Aquella decisión de arrojo e intrepidez debió alegrar el corazón del Señor, y resonar como un estallido de fidelidad en los corazones de los otros apóstoles. Después, ya sabemos lo sucedido en la noche del prendimiento en Getsemaní, con la huida de todos; pero no deja de ser un motivo de agradecimiento y meditación la actitud valiente y decidida de Tomás para volver con Jesús a Betania.

Otra intervención del apóstol fue durante la Última Cena, cuando el Señor les habla de su marcha para prepararles un lugar. Tomás le hará una pregunta resuelta y sencilla, algo reveladora de su psicología de hombre “realista” y “preciso”, ajeno a dejar cabos sueltos; le dice a Jesús: “Señor, no sabemos a dónde vas, ¿cómo podemos saber el camino?” (Jn 14, 5). Pidió una aclaración muy de agradecer porque fue satisfecha por aquella respuesta de Jesús: “Yo soy el Camino, la Verdad y la Vida” (Jn 14, 6). En estas maravillosas palabras, acogidas con fe, Jesús nos ha dejado la senda segura para no extraviarnos en la peregrinación de la vida. Y también se lo debemos al interés de santo Tomás que, deseoso de seguir al Señor, buscaba claridades bien determinadas. Su fe, al fin, le llevó a testimoniar la resurrección de Jesús y morir mártir en la India.

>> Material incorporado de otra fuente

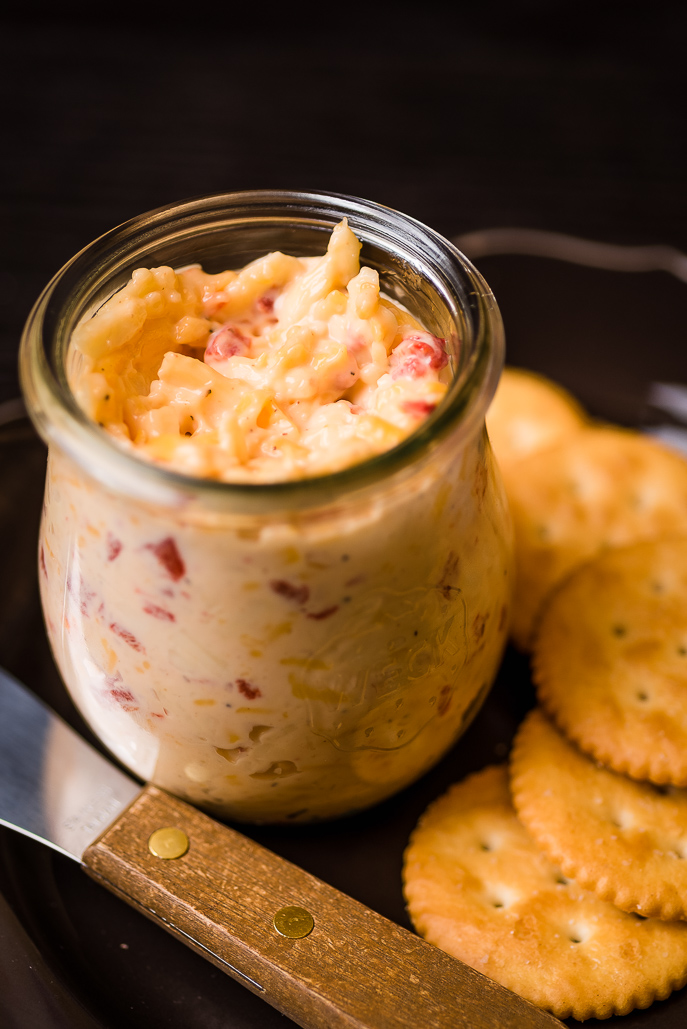 Perfect Southern Pimento Cheese Spread from Everyday Good Thinking by @hamiltonbeach - perfect for sandwiches, snacks, bridal showers, baby showers and quick lunches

Los creyentes en Jesús, somos los destinatarios de la bienaventuranza originada por la incredulidad de Tomás. Pero no olvidemos que nuestra fe, o es vida o no es nada; en otras palabras: que hemos de pasar del estático sustantivo “fe”, a su dinámica acción del verbo “creer”, traducido en obras contantes y sonantes porque, como ha escrito el apóstol Santiago: “¿De qué sirve, hermanos, que uno diga tener fe, si no tiene obras? (…) la fe, si no va acompañada de obras, está realmente muerta” (Sant 2, 14.17). Son las obras de quienes creamos en el amor de Cristo, muerto y resucitado por nosotros, para llenar el mundo de alegría y esperanza.